A Day On The Bay

Last week, I spent five days on the coast of Maine at the Audubon Camp on Hog Island. One day, our group headed out on the camp’s modified fishing boat for a daylong cruise on Muscongus Bay with a north wind to clear the skies and flatten the water, a perfect day to look for seabirds. The camp instructors on board were ornithologists Peter Vickery, co-author of A Birder’s Guide to Maine, and Steve Kress, director of the Audubon camp and director of Project Puffin and the Maine Seabird Restoration Project.

Our destination was Eastern Egg Rock, a nesting island for Atlantic puffins and three species of terns. Along the way, while our instructors prepared us for the birds we would see, we looked at nesting cormorants, harbor seals, harbor porpoise, gannets, and a huge eagle nest with two chicks in it.

Puffins are easy to identify. Only about a foot long, they are black on the back and white on the front, and during the breeding season they have a very large multi-colored bill. The bill is covered with a thin sheath of keratin, the same stuff that gives structure to hair and fingernails, and as the bird ages its bill adds a few more grooves and more color. We had seen pictures of puffins holding multiple slippery fish crosswise in their bills, and wondered how they held them there while diving to catch more. The answer is that they have serrations on the tongue, which prevent fish from slipping out.

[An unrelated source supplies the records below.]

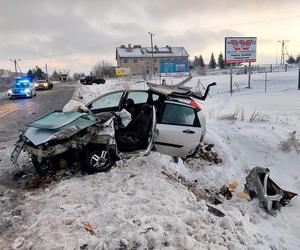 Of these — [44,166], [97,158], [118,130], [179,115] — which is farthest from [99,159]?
[179,115]

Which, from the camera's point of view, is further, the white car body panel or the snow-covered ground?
the white car body panel

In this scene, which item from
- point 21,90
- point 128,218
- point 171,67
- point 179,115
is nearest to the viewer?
point 128,218

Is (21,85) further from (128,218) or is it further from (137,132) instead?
(128,218)

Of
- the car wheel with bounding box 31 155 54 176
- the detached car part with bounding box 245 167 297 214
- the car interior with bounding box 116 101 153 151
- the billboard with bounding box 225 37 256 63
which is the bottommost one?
the detached car part with bounding box 245 167 297 214

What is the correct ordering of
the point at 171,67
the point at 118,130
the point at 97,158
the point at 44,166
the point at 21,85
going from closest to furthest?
1. the point at 44,166
2. the point at 97,158
3. the point at 118,130
4. the point at 21,85
5. the point at 171,67

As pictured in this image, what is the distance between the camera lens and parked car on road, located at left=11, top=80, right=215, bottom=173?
19.2ft

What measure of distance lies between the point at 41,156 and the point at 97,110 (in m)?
3.08

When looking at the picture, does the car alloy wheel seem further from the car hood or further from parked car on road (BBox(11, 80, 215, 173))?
the car hood

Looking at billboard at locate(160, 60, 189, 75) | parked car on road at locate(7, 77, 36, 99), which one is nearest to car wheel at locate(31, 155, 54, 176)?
billboard at locate(160, 60, 189, 75)

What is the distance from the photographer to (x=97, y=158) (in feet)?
20.5

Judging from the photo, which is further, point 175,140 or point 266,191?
point 175,140

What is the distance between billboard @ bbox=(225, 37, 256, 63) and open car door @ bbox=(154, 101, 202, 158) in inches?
753

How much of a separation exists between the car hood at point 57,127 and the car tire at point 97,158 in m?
0.47

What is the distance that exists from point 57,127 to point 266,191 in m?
4.22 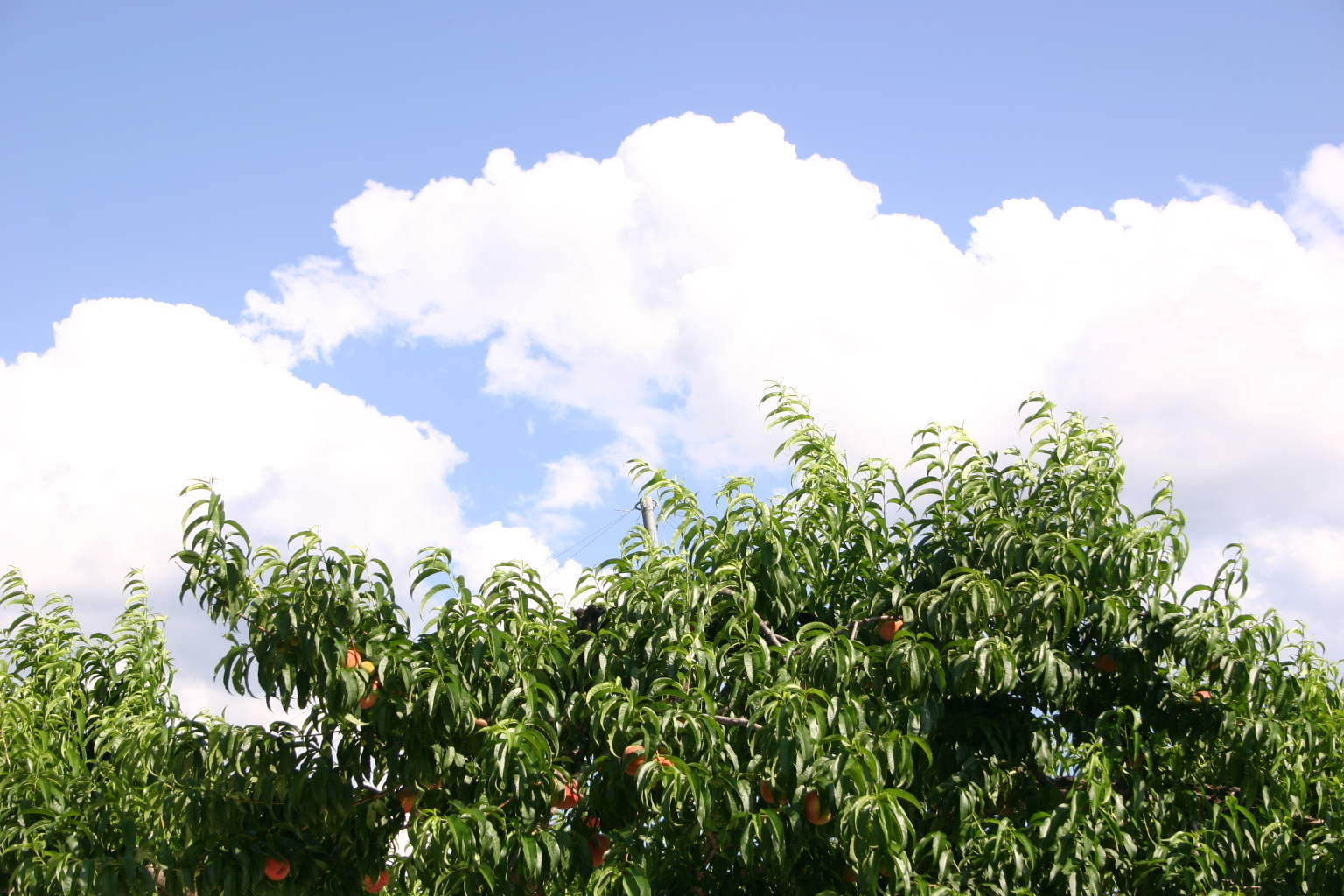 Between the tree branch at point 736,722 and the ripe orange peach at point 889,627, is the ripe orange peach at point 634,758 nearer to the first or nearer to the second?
the tree branch at point 736,722

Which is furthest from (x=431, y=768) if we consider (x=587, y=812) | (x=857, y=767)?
(x=857, y=767)

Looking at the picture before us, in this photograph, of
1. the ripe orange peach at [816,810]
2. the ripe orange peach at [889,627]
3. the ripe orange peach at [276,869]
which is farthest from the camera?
the ripe orange peach at [889,627]

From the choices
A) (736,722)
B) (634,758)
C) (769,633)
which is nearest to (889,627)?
(769,633)

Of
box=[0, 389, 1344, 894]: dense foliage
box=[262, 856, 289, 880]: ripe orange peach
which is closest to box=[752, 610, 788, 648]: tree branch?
box=[0, 389, 1344, 894]: dense foliage

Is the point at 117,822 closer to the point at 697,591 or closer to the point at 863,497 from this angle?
the point at 697,591

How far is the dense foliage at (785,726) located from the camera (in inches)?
179

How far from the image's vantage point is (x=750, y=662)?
15.9ft

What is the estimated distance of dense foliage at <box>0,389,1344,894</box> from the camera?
4539 millimetres

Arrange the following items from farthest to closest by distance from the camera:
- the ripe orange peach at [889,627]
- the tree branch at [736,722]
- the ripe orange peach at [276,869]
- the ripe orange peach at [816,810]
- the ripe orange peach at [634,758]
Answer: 1. the ripe orange peach at [889,627]
2. the ripe orange peach at [276,869]
3. the tree branch at [736,722]
4. the ripe orange peach at [634,758]
5. the ripe orange peach at [816,810]

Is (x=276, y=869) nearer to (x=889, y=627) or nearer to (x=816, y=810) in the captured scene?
(x=816, y=810)

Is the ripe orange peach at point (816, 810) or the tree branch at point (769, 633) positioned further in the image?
the tree branch at point (769, 633)

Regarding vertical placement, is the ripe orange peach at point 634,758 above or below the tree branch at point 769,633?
below

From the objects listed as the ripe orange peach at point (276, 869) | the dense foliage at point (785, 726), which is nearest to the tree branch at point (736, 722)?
the dense foliage at point (785, 726)

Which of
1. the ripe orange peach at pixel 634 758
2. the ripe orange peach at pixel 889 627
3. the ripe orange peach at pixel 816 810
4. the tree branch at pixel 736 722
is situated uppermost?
the ripe orange peach at pixel 889 627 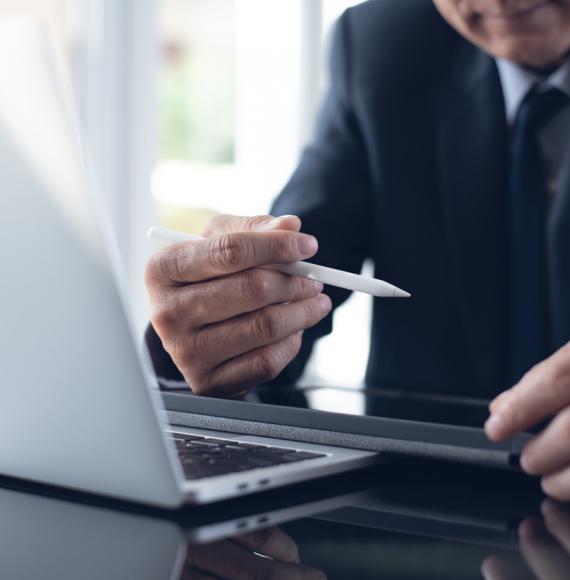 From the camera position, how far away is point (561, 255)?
105 cm

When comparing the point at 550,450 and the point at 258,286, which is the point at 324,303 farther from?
the point at 550,450

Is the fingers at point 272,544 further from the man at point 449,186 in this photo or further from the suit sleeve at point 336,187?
the suit sleeve at point 336,187

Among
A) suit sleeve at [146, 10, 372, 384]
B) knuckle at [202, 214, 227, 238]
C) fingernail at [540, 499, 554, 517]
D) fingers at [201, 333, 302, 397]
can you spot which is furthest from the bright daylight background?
fingernail at [540, 499, 554, 517]

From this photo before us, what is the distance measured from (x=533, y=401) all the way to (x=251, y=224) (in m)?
0.34

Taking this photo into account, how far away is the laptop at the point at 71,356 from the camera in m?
0.38

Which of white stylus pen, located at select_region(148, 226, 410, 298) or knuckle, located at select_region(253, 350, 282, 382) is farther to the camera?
knuckle, located at select_region(253, 350, 282, 382)

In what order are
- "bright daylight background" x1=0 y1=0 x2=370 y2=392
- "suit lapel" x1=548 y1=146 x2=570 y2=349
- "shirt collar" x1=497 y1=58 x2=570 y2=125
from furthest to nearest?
"bright daylight background" x1=0 y1=0 x2=370 y2=392
"shirt collar" x1=497 y1=58 x2=570 y2=125
"suit lapel" x1=548 y1=146 x2=570 y2=349

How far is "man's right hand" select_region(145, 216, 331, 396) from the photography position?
0.70 meters

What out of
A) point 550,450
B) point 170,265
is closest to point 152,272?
point 170,265

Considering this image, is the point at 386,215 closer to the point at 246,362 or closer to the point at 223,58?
the point at 246,362

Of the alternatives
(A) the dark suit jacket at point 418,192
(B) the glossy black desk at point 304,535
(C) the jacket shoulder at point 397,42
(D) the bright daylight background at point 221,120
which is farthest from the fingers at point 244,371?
(D) the bright daylight background at point 221,120

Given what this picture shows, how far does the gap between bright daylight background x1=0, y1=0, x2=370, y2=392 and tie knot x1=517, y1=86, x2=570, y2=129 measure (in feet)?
3.33

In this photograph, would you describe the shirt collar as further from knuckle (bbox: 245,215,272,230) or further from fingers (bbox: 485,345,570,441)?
fingers (bbox: 485,345,570,441)

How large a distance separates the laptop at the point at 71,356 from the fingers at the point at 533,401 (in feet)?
0.05
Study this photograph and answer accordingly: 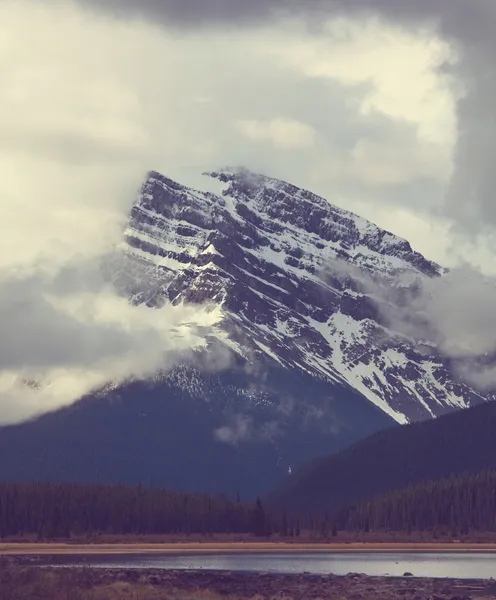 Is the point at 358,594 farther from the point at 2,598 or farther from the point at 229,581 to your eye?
the point at 2,598

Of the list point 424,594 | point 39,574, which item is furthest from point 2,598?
point 424,594

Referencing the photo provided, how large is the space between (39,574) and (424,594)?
40.5 m

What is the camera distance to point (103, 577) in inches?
7426

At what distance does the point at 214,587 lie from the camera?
592ft

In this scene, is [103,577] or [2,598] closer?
[2,598]

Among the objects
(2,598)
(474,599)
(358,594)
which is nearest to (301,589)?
(358,594)

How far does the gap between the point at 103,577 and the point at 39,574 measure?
46.4 ft

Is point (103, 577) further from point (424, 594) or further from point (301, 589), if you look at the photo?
point (424, 594)

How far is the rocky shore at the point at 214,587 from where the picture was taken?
542ft

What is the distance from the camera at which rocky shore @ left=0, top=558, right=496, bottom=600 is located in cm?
16525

Historically, puffins nested on several of Maine’s outer islands, but by 1855 the population had been wiped out by hunters and egg gatherers. In 1973, Steve Kress headed up an effort to begin transporting puffin chicks from a nesting colony on Newfoundland to Eastern Egg Rock, where they were raised in artificial nest burrows until they were old enough to fly. They continued to transplant chicks every year, and in 1977 the first of those birds returned to Eastern Egg Rock to nest. Last year, 123 pairs of puffins nested there. Puffins can live 30 years or more, do not breed until they are four or five years old, and produce only a single egg each year. Since the beginning of Project Puffin, interns have camped on the island for the entire breeding season to monitor the birds and protect them from predators.

Atlantic puffins have been studied intensively on their breeding islands, but up to now no one has known where they go in the winter. Last year, for the first time, Project Puffin staff attached tiny transmitters to some of the puffins to track their winter movements. At first, only a few birds were fitted with these very expensive electronic gadgets, but a few more will get them this year, and it is hoped that within a few years enough valuable information will have been collected to unravel the mystery.

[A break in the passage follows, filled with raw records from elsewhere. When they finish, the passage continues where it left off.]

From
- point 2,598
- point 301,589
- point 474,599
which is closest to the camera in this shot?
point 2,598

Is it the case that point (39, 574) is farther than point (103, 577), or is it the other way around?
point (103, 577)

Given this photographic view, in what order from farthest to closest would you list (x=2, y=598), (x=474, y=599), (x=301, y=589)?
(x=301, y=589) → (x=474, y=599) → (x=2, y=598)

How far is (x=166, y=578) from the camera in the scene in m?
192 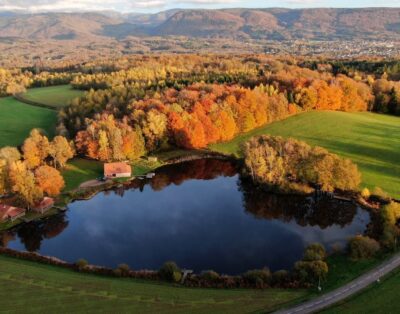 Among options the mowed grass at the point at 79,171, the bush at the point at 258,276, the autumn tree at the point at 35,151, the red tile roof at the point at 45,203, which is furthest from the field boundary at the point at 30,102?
the bush at the point at 258,276

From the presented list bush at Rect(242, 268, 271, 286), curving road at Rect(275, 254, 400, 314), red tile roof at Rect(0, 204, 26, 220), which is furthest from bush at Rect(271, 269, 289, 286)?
red tile roof at Rect(0, 204, 26, 220)

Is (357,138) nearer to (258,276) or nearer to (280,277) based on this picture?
(280,277)

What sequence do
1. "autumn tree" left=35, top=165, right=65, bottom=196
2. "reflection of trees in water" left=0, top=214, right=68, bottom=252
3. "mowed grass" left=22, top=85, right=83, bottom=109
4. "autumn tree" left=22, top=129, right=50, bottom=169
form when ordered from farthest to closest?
"mowed grass" left=22, top=85, right=83, bottom=109 < "autumn tree" left=22, top=129, right=50, bottom=169 < "autumn tree" left=35, top=165, right=65, bottom=196 < "reflection of trees in water" left=0, top=214, right=68, bottom=252

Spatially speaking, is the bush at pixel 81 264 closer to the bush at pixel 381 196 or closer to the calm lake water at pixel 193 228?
the calm lake water at pixel 193 228

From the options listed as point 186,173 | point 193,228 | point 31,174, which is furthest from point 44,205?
point 186,173

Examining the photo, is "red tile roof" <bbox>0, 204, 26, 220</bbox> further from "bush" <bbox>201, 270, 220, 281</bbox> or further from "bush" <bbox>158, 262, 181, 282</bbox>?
"bush" <bbox>201, 270, 220, 281</bbox>

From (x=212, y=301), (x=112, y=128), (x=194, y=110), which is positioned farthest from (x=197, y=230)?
(x=194, y=110)

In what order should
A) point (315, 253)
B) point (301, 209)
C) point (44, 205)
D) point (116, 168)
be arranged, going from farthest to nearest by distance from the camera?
point (116, 168) < point (44, 205) < point (301, 209) < point (315, 253) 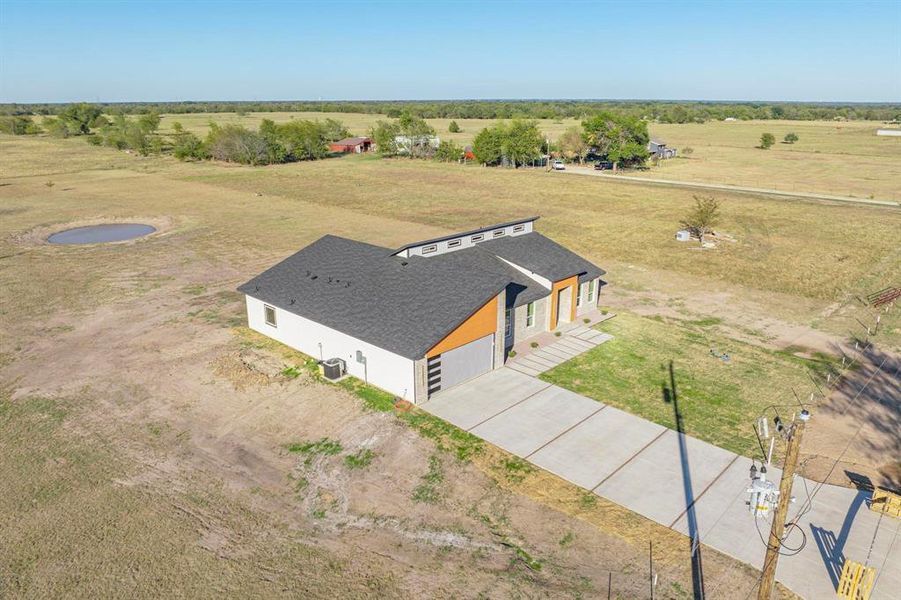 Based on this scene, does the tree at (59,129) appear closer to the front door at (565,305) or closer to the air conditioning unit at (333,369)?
the air conditioning unit at (333,369)

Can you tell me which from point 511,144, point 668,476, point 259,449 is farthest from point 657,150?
point 259,449

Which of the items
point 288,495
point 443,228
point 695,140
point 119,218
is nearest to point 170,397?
point 288,495

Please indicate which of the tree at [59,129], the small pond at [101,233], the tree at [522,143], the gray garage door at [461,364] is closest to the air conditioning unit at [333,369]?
the gray garage door at [461,364]

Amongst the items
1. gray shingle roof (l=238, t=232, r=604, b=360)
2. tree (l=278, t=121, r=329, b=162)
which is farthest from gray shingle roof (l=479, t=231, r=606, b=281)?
tree (l=278, t=121, r=329, b=162)

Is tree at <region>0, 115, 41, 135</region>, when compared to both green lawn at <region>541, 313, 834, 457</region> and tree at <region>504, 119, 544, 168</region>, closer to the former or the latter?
tree at <region>504, 119, 544, 168</region>

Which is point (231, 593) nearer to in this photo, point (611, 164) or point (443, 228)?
point (443, 228)

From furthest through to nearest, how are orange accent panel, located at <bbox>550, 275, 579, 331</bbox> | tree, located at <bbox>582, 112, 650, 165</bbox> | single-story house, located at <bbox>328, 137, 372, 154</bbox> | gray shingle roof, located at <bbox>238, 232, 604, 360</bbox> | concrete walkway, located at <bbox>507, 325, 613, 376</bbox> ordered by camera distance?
single-story house, located at <bbox>328, 137, 372, 154</bbox>
tree, located at <bbox>582, 112, 650, 165</bbox>
orange accent panel, located at <bbox>550, 275, 579, 331</bbox>
concrete walkway, located at <bbox>507, 325, 613, 376</bbox>
gray shingle roof, located at <bbox>238, 232, 604, 360</bbox> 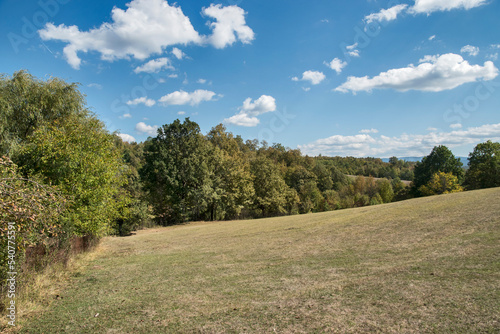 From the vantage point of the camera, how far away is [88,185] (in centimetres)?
1368

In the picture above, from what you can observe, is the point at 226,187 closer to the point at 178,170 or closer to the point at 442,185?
the point at 178,170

We arrived at Eastern Egg Rock, a small, treeless, rocky island, and our boat circled it slowly to give us excellent looks at the birds. Puffins perched on rocks, floated on the water, and flew past the boat, looking like little footballs with wings. We even heard the male’s call, a low squeaky growl. There were also laughing gulls on the island, and a couple of razorbills, elegant looking members of the auk family. Three species of terns flew around us, and we frantically tried to remember the identification tips we had recently learned. The Arctic tern, who makes the longest migration of any bird in the world, looks neck-less in the air, and has a crisp black line along the trailing edge of the wing. Common terns appear in flight to have a neck, but the dark line edging the wing looks smudgy. The endangered roseate terns look ghostly white in the air, and their shorter wings flap faster, giving them a fluttery look.

The air around us was crowded with terns, and they moved so fast it was nearly impossible to focus on one bird long enough to see any field marks. Finally I gave up, put my binoculars down, and just enjoyed the spectacle of all those magnificent, graceful birds swirling over the ocean and the island on a clear sunny day.

Hardy Boat Cruises of New Harbor (www.hardyboat.com) runs Puffin Watch cruises to Eastern Egg Rock through August, narrated by an Audubon naturalist.